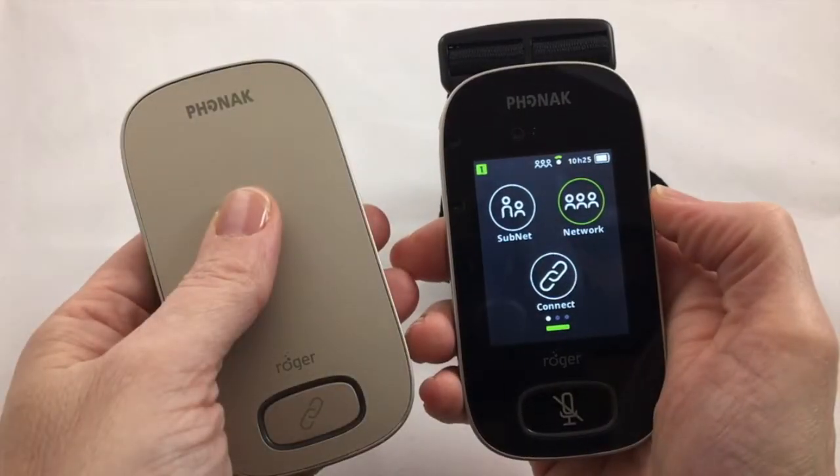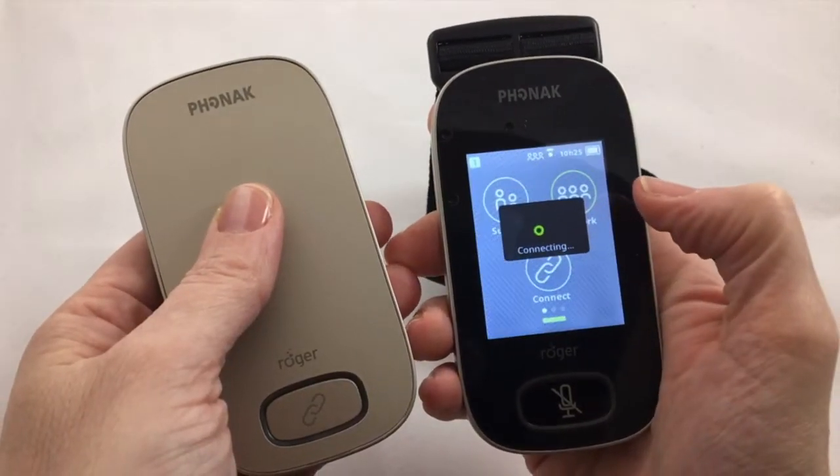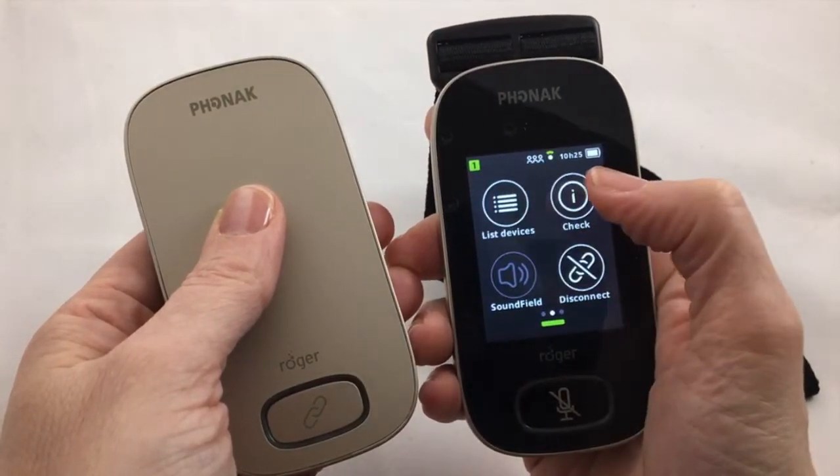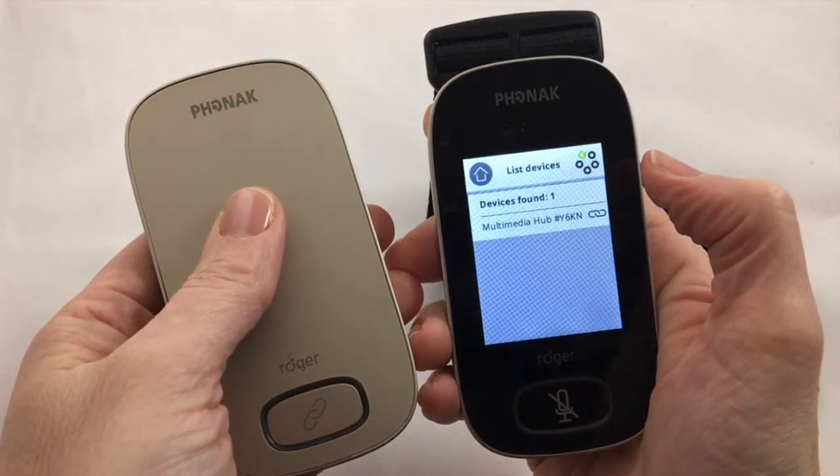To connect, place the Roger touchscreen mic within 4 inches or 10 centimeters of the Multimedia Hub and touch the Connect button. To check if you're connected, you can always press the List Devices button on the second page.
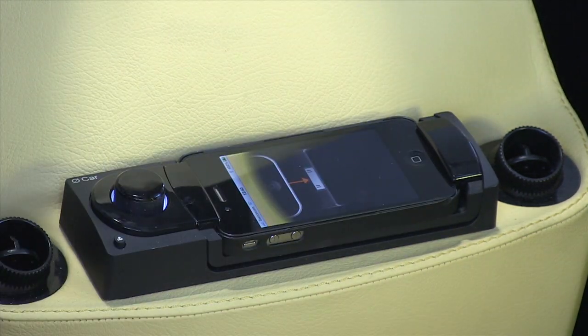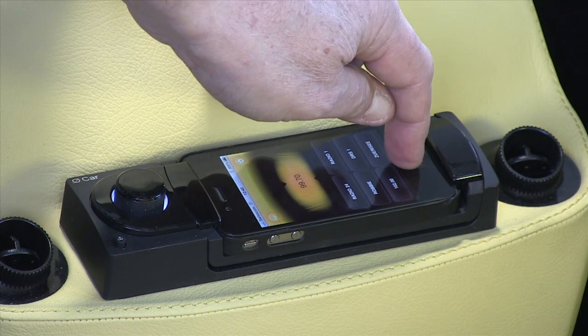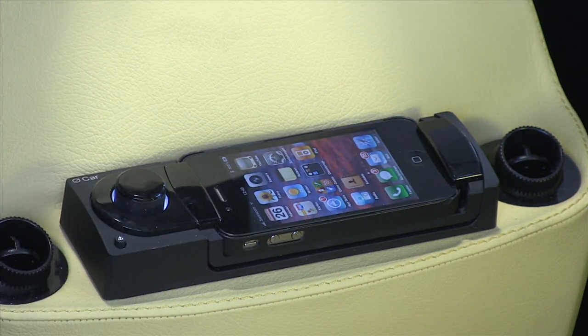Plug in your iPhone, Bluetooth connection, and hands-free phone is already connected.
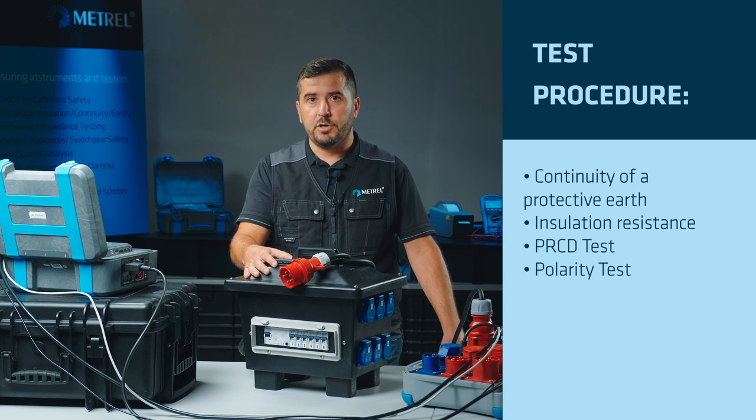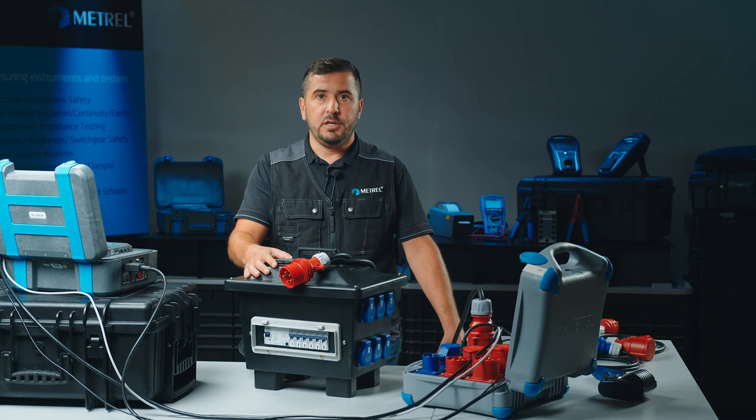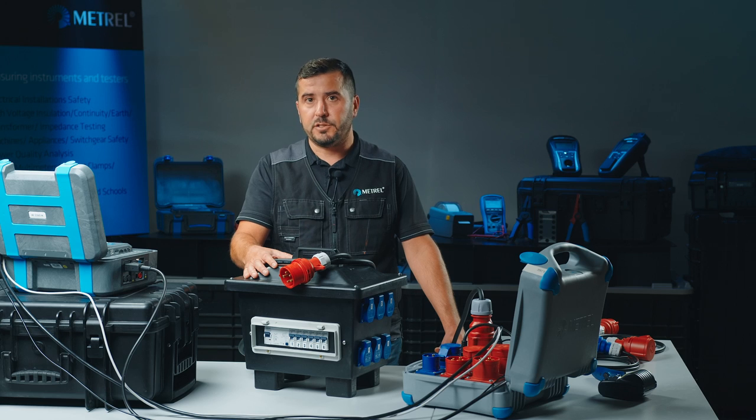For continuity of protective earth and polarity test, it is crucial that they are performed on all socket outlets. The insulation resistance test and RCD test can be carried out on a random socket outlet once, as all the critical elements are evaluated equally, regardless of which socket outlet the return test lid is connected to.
==================================================
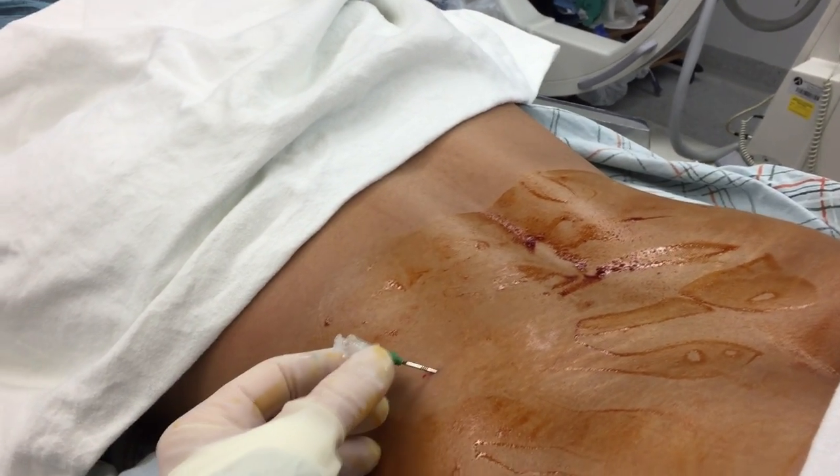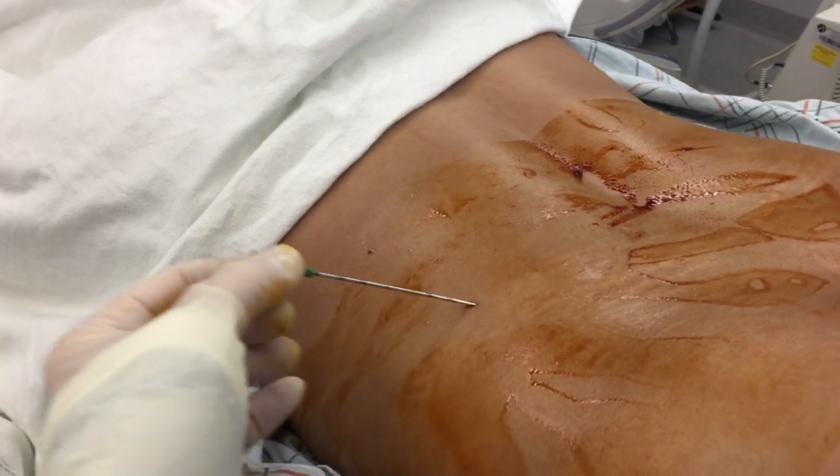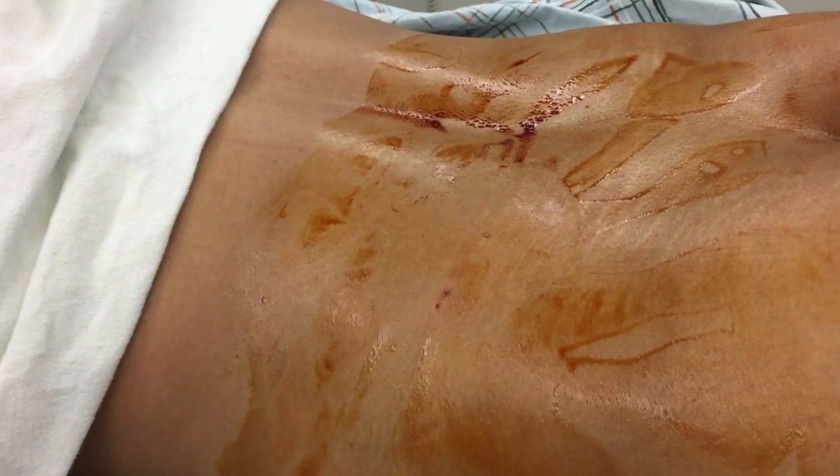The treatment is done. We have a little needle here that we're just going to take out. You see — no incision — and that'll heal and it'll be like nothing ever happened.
==================================================
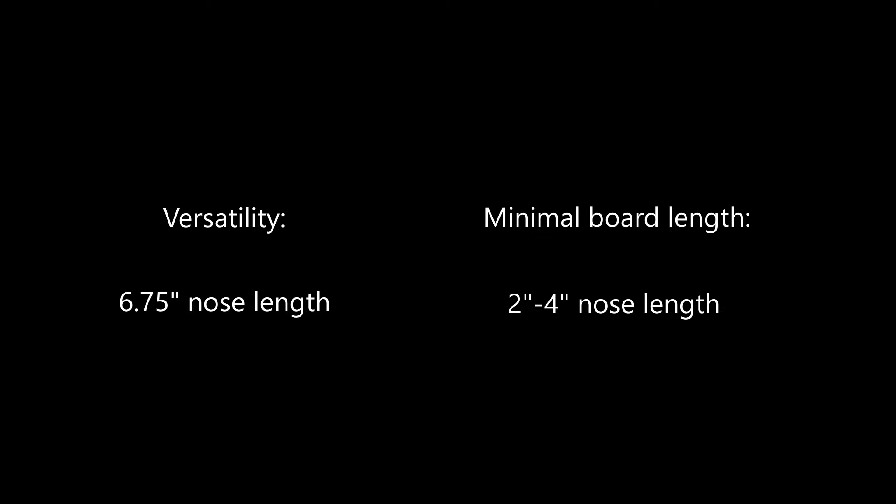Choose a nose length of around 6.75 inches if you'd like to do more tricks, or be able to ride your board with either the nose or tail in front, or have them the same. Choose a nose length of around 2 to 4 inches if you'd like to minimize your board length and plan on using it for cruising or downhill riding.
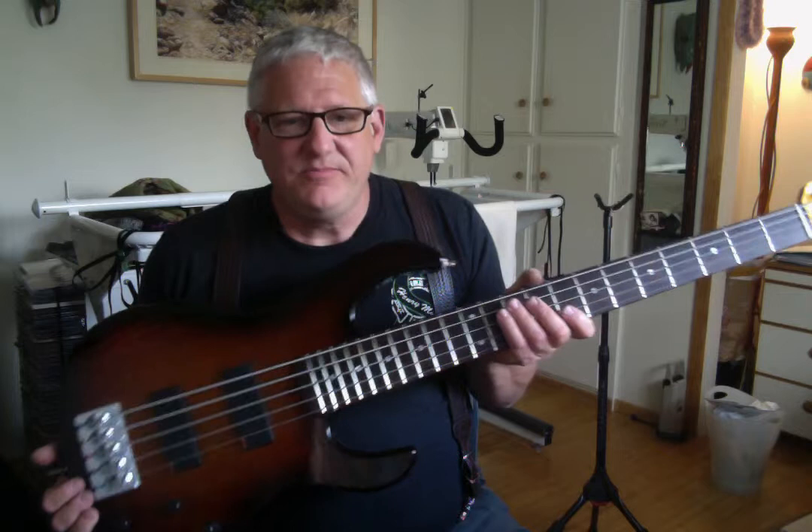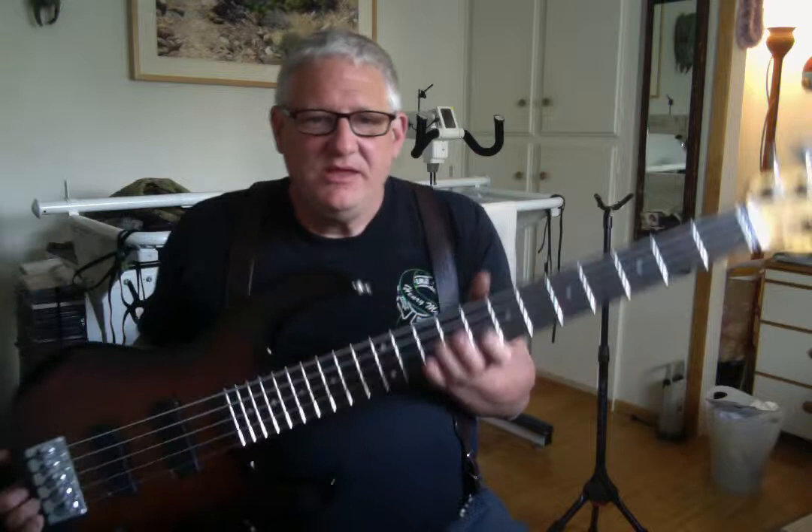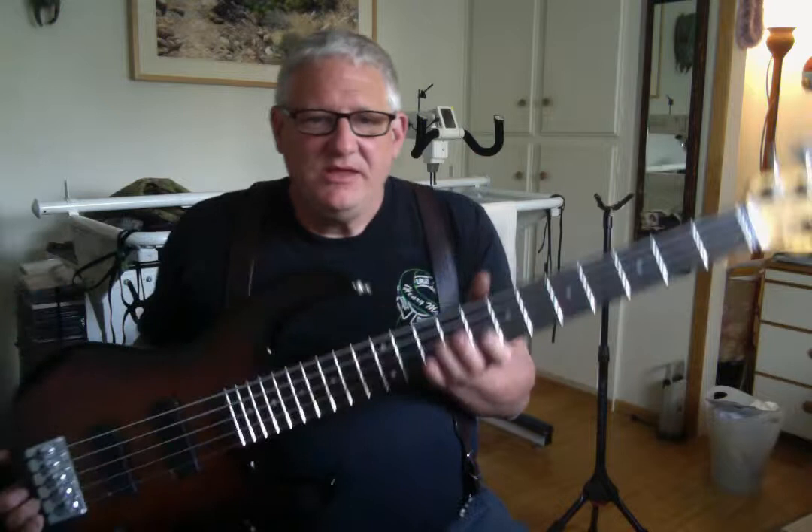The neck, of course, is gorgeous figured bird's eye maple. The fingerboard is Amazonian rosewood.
==================================================
| Exercise brief |
The lines to reproduce run from the one above containing "Plug in your" through the one containing "For continuity of". Copy them exactly and leave out all pictures.

| Finished task |
Plug in your iPhone, Bluetooth connection, and hands-free phone is already connected.
For continuity of protective earth and polarity test, it is crucial that they are performed on all socket outlets. The insulation resistance test and RCD test can be carried out on a random socket outlet once, as all the critical elements are evaluated equally, regardless of which socket outlet the return test lid is connected to.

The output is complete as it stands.